Seperti yang telah penulis sebutkan di awal, Mbah Kiai Muhammad Hadi dikenal sebagai salah satu Mursyid Tarekat Naqsabandiyah Khalidiyah. Ajaran tarekat inilah yang kemudian menjadi ciri khas dari pesantren yang ia dirikan yang dikenal dengan nama Pesantren Girikusumo, yang masih bertahan hingga saat ini.


Mbah Hadi mengangkat dua putranya, yakni Kiai Manshur dan Kiai Zahid sebagai mursyid tarekat. Dari Kiai Manshur menyebarkan tarekat melalui para badal, di antaranya ada yang sudah menjadi mursyid, yaitu Kiai Arwani (Kudus), Kiai Salman Popongan (Klaten) yang dilanjutkan oleh Gus Multazam, dan Kiai Abdul Mi’raj (Candisari Demak) yang dilanjutkan oleh Kiai Khalil.

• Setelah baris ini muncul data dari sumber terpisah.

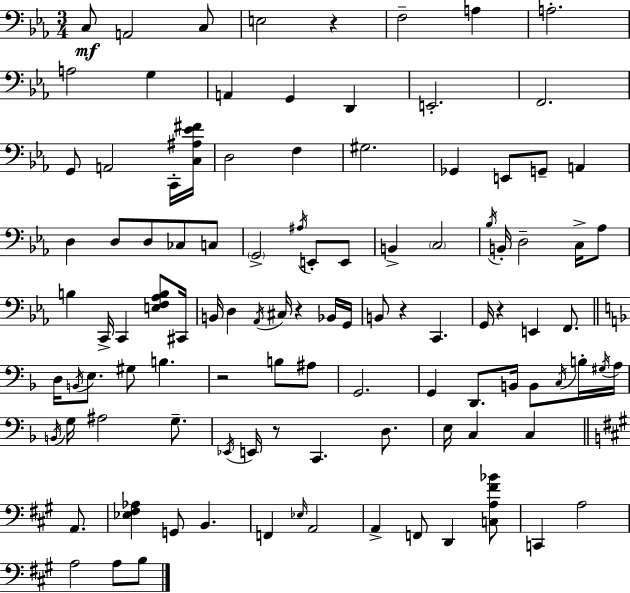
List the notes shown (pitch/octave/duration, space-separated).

C3/e A2/h C3/e E3/h R/q F3/h A3/q A3/h. A3/h G3/q A2/q G2/q D2/q E2/h. F2/h. G2/e A2/h C2/s [C3,A#3,Eb4,F#4]/s D3/h F3/q G#3/h. Gb2/q E2/e G2/e A2/q D3/q D3/e D3/e CES3/e C3/e G2/h A#3/s E2/e E2/e B2/q C3/h Bb3/s B2/s D3/h C3/s Ab3/e B3/q C2/s C2/q [E3,F3,Ab3,B3]/e C#2/s B2/s D3/q Ab2/s C#3/s R/q Bb2/s G2/s B2/e R/q C2/q. G2/s R/q E2/q F2/e. D3/s B2/s E3/e. G#3/e B3/q. R/h B3/e A#3/e G2/h. G2/q D2/e. B2/s B2/e C3/s B3/s G#3/s A3/s B2/s G3/s A#3/h G3/e. Eb2/s E2/s R/e C2/q. D3/e. E3/s C3/q C3/q A2/e. [Eb3,F#3,Ab3]/q G2/e B2/q. F2/q Eb3/s A2/h A2/q F2/e D2/q [C3,A3,F#4,Bb4]/e C2/q A3/h A3/h A3/e B3/e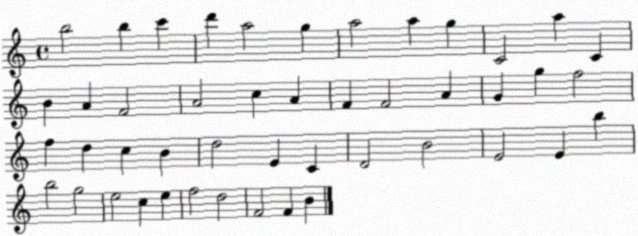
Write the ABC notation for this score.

X:1
T:Untitled
M:4/4
L:1/4
K:C
b2 b c' d' a2 g a2 a g C2 a C B A F2 A2 c A F F2 A G g f2 f d c B d2 E C D2 B2 E2 E b b2 g2 e2 c e f2 d2 F2 F B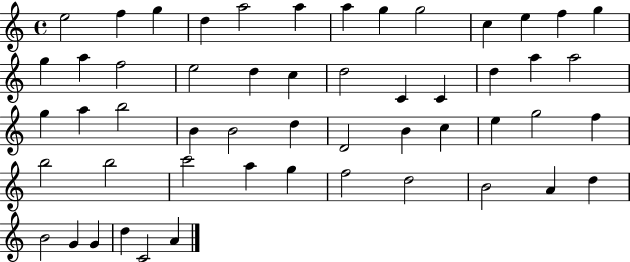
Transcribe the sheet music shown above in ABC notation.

X:1
T:Untitled
M:4/4
L:1/4
K:C
e2 f g d a2 a a g g2 c e f g g a f2 e2 d c d2 C C d a a2 g a b2 B B2 d D2 B c e g2 f b2 b2 c'2 a g f2 d2 B2 A d B2 G G d C2 A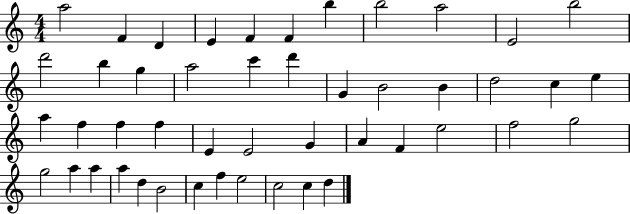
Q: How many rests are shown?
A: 0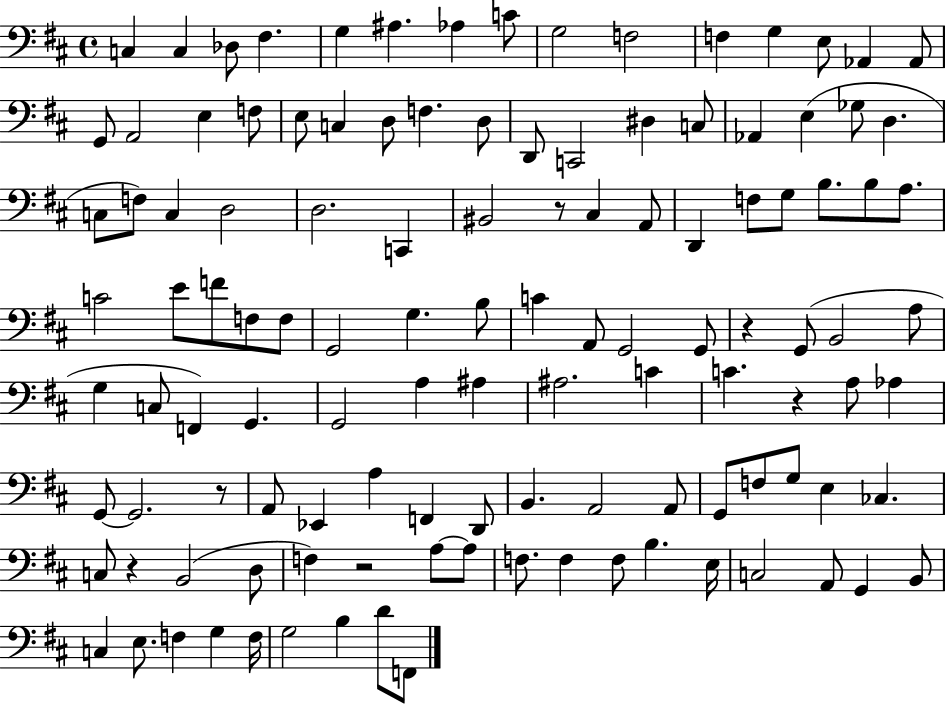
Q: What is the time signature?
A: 4/4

Sementara dari Kiai Zahid, tarekat berkembang di Pantai Utara Jawa, diteruskan oleh Kiai Zuhri, hingga sekarang kepada Kiai Munif. Kiai Zahid juga meneruskan estafet kepemimpinan pesantren, setelah Mbah Kiai Muhammad Hadi wafat di tahun 1931.

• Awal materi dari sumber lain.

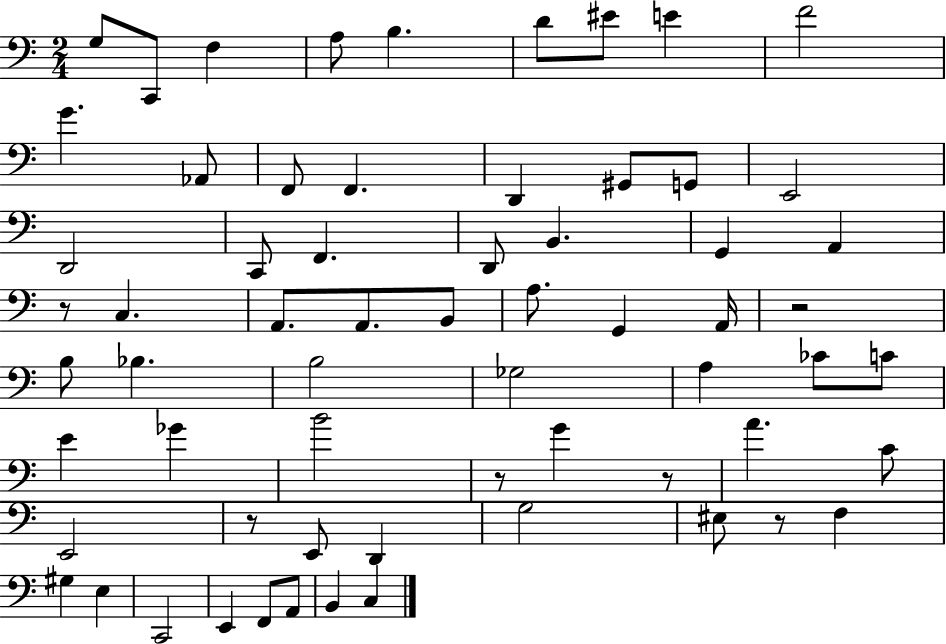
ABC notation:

X:1
T:Untitled
M:2/4
L:1/4
K:C
G,/2 C,,/2 F, A,/2 B, D/2 ^E/2 E F2 G _A,,/2 F,,/2 F,, D,, ^G,,/2 G,,/2 E,,2 D,,2 C,,/2 F,, D,,/2 B,, G,, A,, z/2 C, A,,/2 A,,/2 B,,/2 A,/2 G,, A,,/4 z2 B,/2 _B, B,2 _G,2 A, _C/2 C/2 E _G B2 z/2 G z/2 A C/2 E,,2 z/2 E,,/2 D,, G,2 ^E,/2 z/2 F, ^G, E, C,,2 E,, F,,/2 A,,/2 B,, C,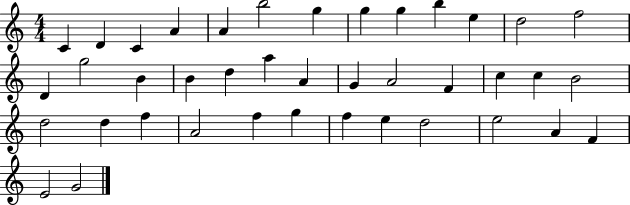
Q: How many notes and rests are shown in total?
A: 40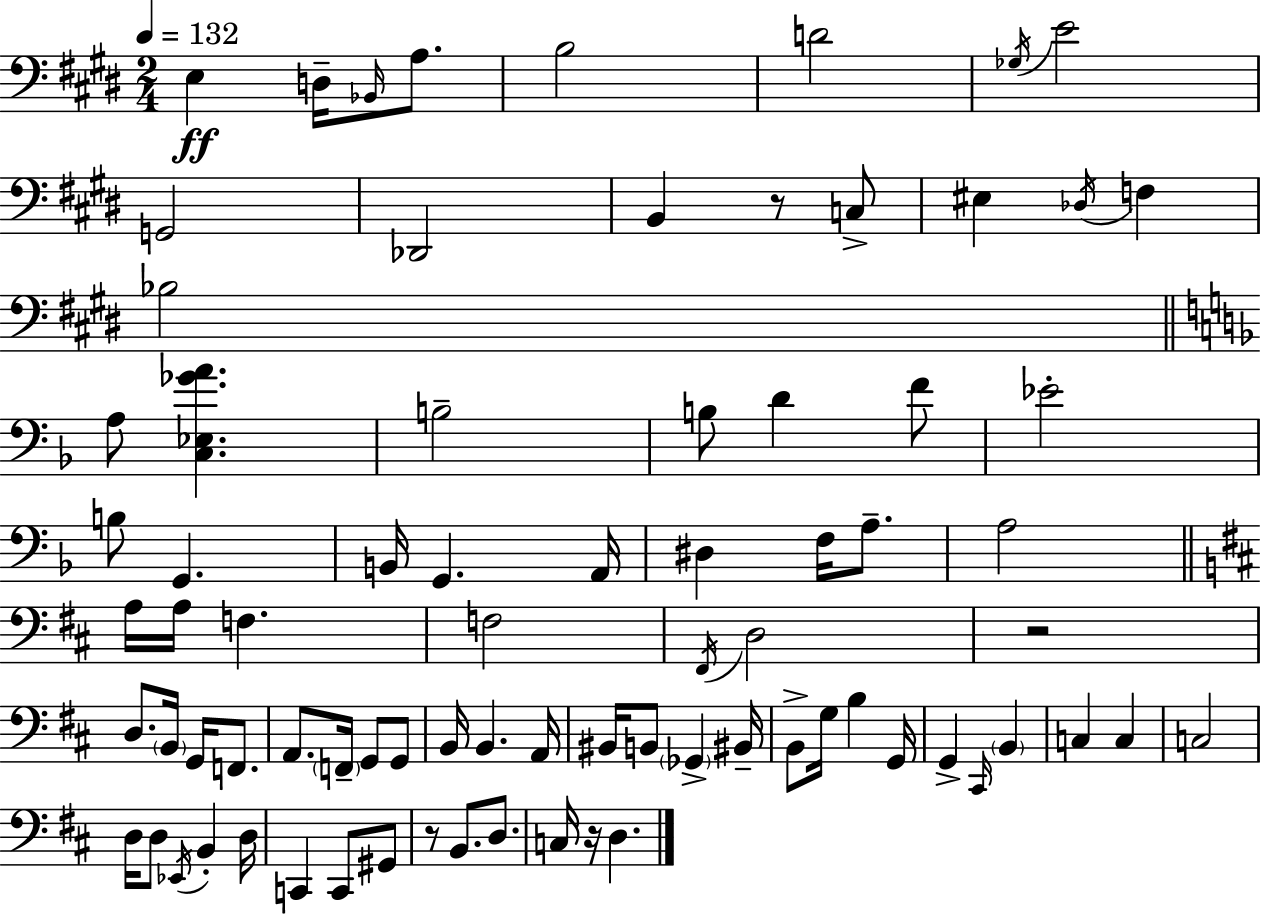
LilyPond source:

{
  \clef bass
  \numericTimeSignature
  \time 2/4
  \key e \major
  \tempo 4 = 132
  e4\ff d16-- \grace { bes,16 } a8. | b2 | d'2 | \acciaccatura { ges16 } e'2 | \break g,2 | des,2 | b,4 r8 | c8-> eis4 \acciaccatura { des16 } f4 | \break bes2 | \bar "||" \break \key d \minor a8 <c ees ges' a'>4. | b2-- | b8 d'4 f'8 | ees'2-. | \break b8 g,4. | b,16 g,4. a,16 | dis4 f16 a8.-- | a2 | \break \bar "||" \break \key d \major a16 a16 f4. | f2 | \acciaccatura { fis,16 } d2 | r2 | \break d8. \parenthesize b,16 g,16 f,8. | a,8. \parenthesize f,16-- g,8 g,8 | b,16 b,4. | a,16 bis,16 b,8 \parenthesize ges,4-> | \break bis,16-- b,8-> g16 b4 | g,16 g,4-> \grace { cis,16 } \parenthesize b,4 | c4 c4 | c2 | \break d16 d8 \acciaccatura { ees,16 } b,4-. | d16 c,4 c,8 | gis,8 r8 b,8. | d8. c16 r16 d4. | \break \bar "|."
}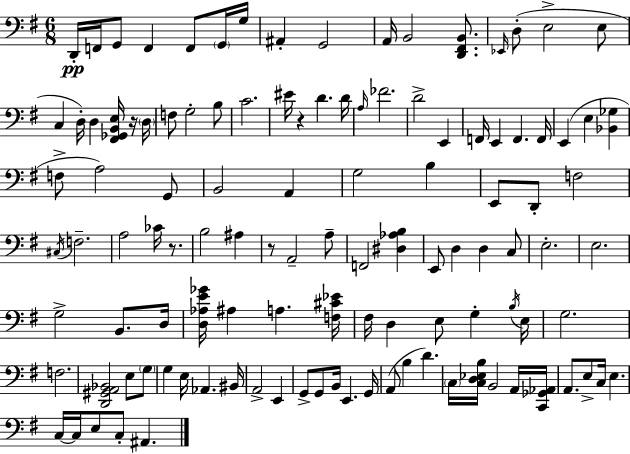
D2/s F2/s G2/e F2/q F2/e G2/s G3/s A#2/q G2/h A2/s B2/h [D2,F#2,B2]/e. Eb2/s D3/e E3/h E3/e C3/q D3/s D3/q [F#2,Gb2,B2,E3]/s R/s D3/s F3/e G3/h B3/e C4/h. EIS4/s R/q D4/q. D4/s A3/s FES4/h. D4/h E2/q F2/s E2/q F2/q. F2/s E2/q E3/q [Bb2,Gb3]/q F3/e A3/h G2/e B2/h A2/q G3/h B3/q E2/e D2/e F3/h C#3/s F3/h. A3/h CES4/s R/e. B3/h A#3/q R/e A2/h A3/e F2/h [D#3,Ab3,B3]/q E2/e D3/q D3/q C3/e E3/h. E3/h. G3/h B2/e. D3/s [D3,Ab3,E4,Gb4]/s A#3/q A3/q. [F3,C#4,Eb4]/s F#3/s D3/q E3/e G3/q B3/s E3/s G3/h. F3/h. [D2,G#2,A2,Bb2]/h E3/e G3/e G3/q E3/s Ab2/q. BIS2/s A2/h E2/q G2/e G2/e B2/s E2/q. G2/s A2/e B3/q D4/q. C3/s [C3,D3,Eb3,B3]/s B2/h A2/s [C2,Gb2,Ab2]/s A2/e. E3/e C3/s E3/q. C3/s C3/s E3/e C3/e A#2/q.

Dari masa kepemimpinan awal Mbah Kiai Muhammad Hadi sampai masa Kiai Ahmad Zahid (wafat tahun 1961), pengelolaan pondok pesantren dan tarekat masih berada dalam satu manajemen. Baru pada masa kepemimpinan berikutnya, yakni Kiai Muhammad Zuhri, mulai terdapat pemisahan manajemen pengelolaan pesantren dan tarekat.


Sementara Mbah Kiai Zuhri menangani kegiatan tarekat, kegiatan mengajar di pesantren diserahkan kepada kiai-kiai lainnya. Di masa kepemimpinan Kiai Muhammad Zuhri, berdiri Madrasah Miftahul Falah dan Pesantren Darul Falah.  


Sepeninggal Kiai Muhammad Zuhri (wafat 1979), kepemimpinan tarekat diteruskan kepada putranya, yakni KH Muhammad Munif Zuhri. Sementara kepemimpinan pesantren diserahkan putra lainnya, KH Nadzif Zuhri. Pada era inilah, lahir Madrasah Diniyah Sekolah Islam Salaf (SIS).


Setelah berdirinya SIS, perkembangan pendidikan di Girikusumo semakin pesat. Di bawah naungan Yayasan Kyai Ageng Giri, kemudian terbangunlah lembaga-lembaga formal mulai dari TK, RA, SD, SMP, SMA, SMK, Madrasatul Qur’an, dan Madrasah Diniyah Kyai Ageng Giri (KAG) 02. Selain itu, juga terdapat rutinan pengajian yang diperuntukkan pula bagi masyarakat umum.